Crawled caption data:
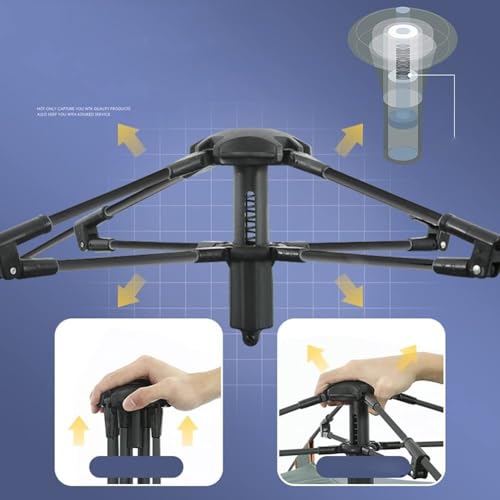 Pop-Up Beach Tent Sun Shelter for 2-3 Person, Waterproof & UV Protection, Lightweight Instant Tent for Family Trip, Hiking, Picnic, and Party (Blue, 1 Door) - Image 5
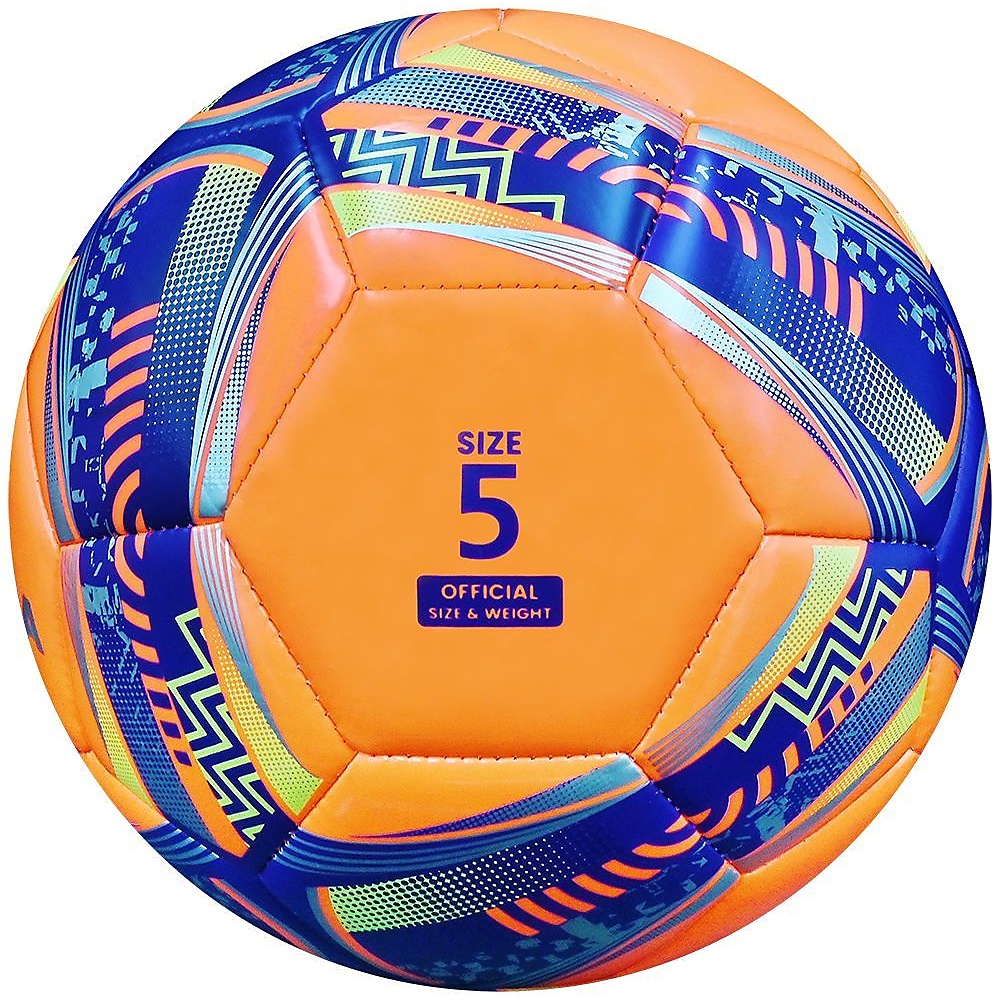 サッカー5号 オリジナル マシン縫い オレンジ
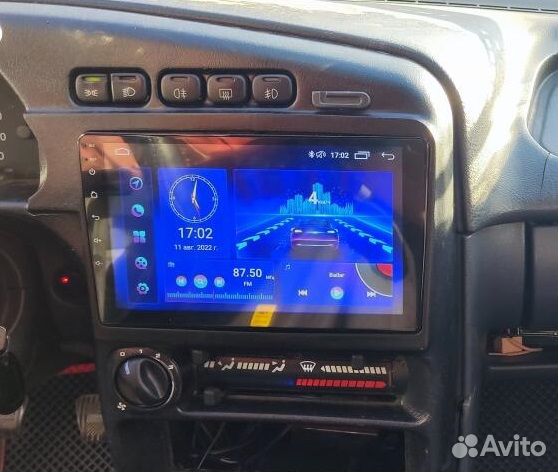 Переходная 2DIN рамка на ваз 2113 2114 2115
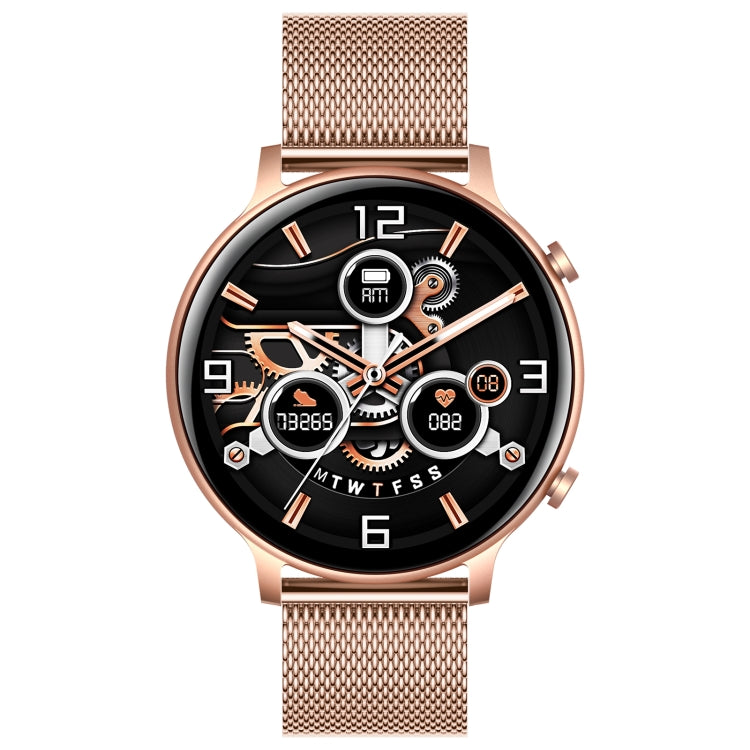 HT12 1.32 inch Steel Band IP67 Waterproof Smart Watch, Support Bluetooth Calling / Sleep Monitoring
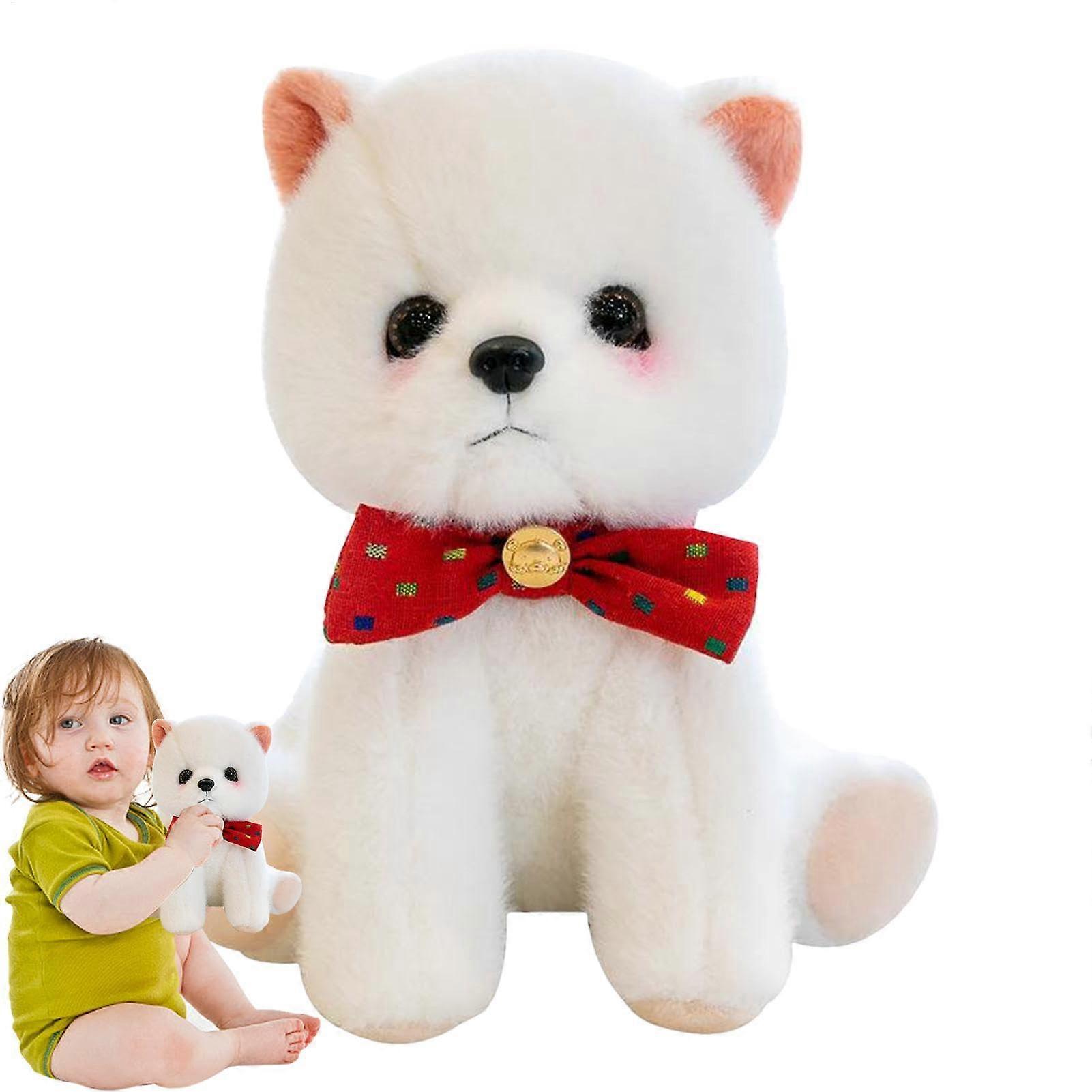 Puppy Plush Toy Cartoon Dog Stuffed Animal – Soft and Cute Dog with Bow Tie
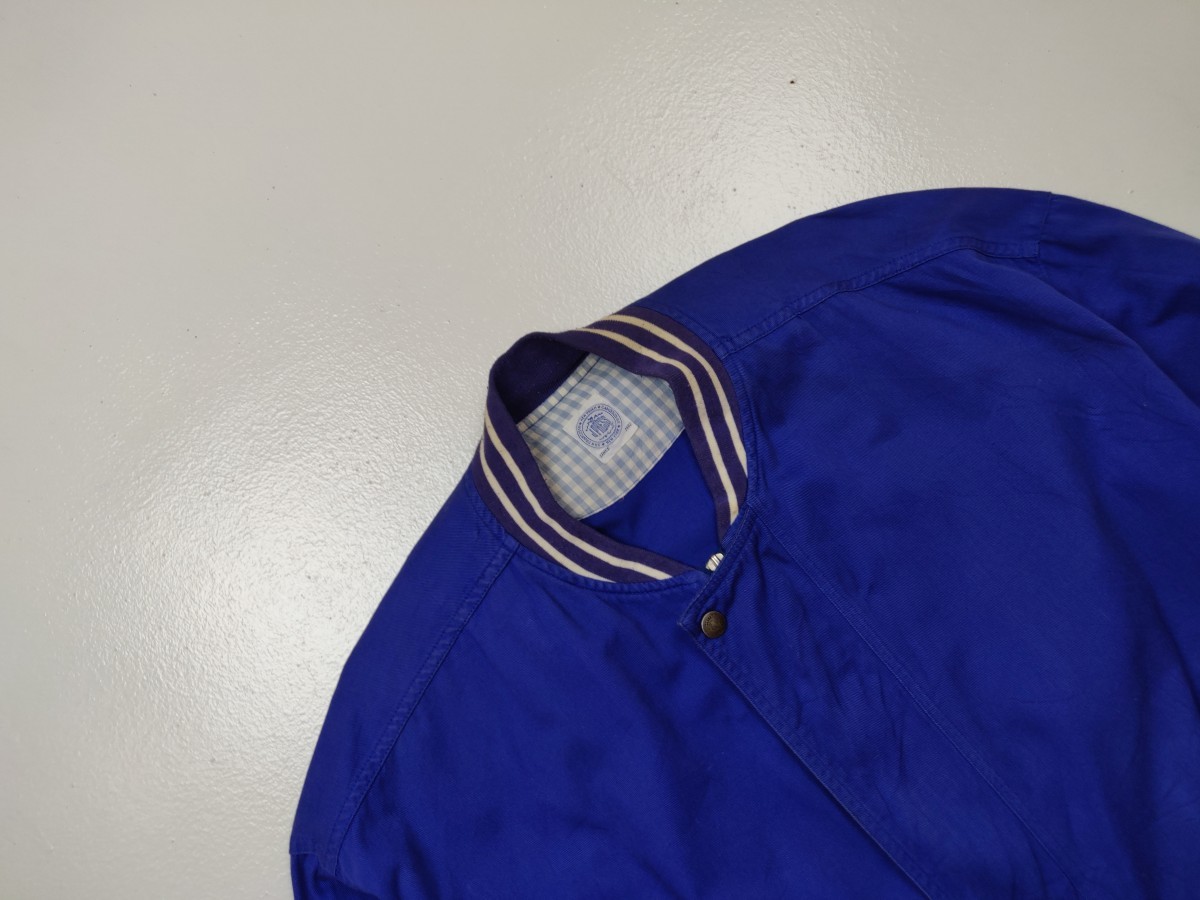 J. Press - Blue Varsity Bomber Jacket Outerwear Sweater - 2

▶ **Your objective**: Make an exact copy of the records above, with the pictures left out.

▶ **Finished task**:
 Pop-Up Beach Tent Sun Shelter for 2-3 Person, Waterproof & UV Protection, Lightweight Instant Tent for Family Trip, Hiking, Picnic, and Party (Blue, 1 Door) - Image 5
 サッカー5号 オリジナル マシン縫い オレンジ
 Переходная 2DIN рамка на ваз 2113 2114 2115
 HT12 1.32 inch Steel Band IP67 Waterproof Smart Watch, Support Bluetooth Calling / Sleep Monitoring
 Puppy Plush Toy Cartoon Dog Stuffed Animal – Soft and Cute Dog with Bow Tie
 J. Press - Blue Varsity Bomber Jacket Outerwear Sweater - 2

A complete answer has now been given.